ABSTRACT
Objective:
Acute kidney injury (AKI) is a clinical syndrome characterized by accumulation of nitrogenous waste products depending on the rapid loss of renal function and abnormalities in the fluid/electrolyte balance within hours or days.
Methods:
Whereas the chronic renal failure (CRF) is being studied extensively on epidemiology, the literature on ABH epidemiology is inadequate. In this article, patients diagnosed AKI were examined by etiologic factors, accompanying diseases, need for dialysis and the risk of death and we planned to concentrate our long term efforts on factors that can be corrected. We evaluated the effect of etiological factors on the geriatric population in AKI.
Results:
The study was conducted retrospectively in 168 patients (male: 95, female: 73) who were admitted to our Internal Medicine Clinics with the diagnosis of AKI patients.

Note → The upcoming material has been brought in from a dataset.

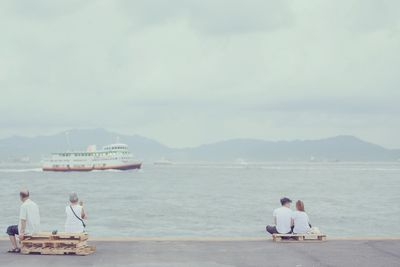 Young and senior couples overlooking boat sailing on river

The mean age of the patients was 69±15.5 (67.8±15.6 in males, 70.4±15.3 in females). In our study, prerenal factors were the most common etiologic factor with 57.2%; intrarenal factors were 32.1% of patients; postrenal factors were found to be 10.7%. Of the patients, 68 had complete healing (40.5%), 51 had no dialysis (30.4%), 31 had dialysis (18.5%) and 18 had exitus (10.6%). When geriatric patients (65 years and over) of age were evaluated, 16% cases died; mortality was significantly higher than under the age of 70 years (p=0.015).
Conclusion:
The data we obtained in the study support the knowledge that prerenal factors are the most common in AKI etiology, but it should not be overlooked that the etiology may be multifactorial. AKI is a health problem that increases with age and the presence of comorbid chronic diseases. AKI therapy may require a long stay in the hospital and is costly to treat.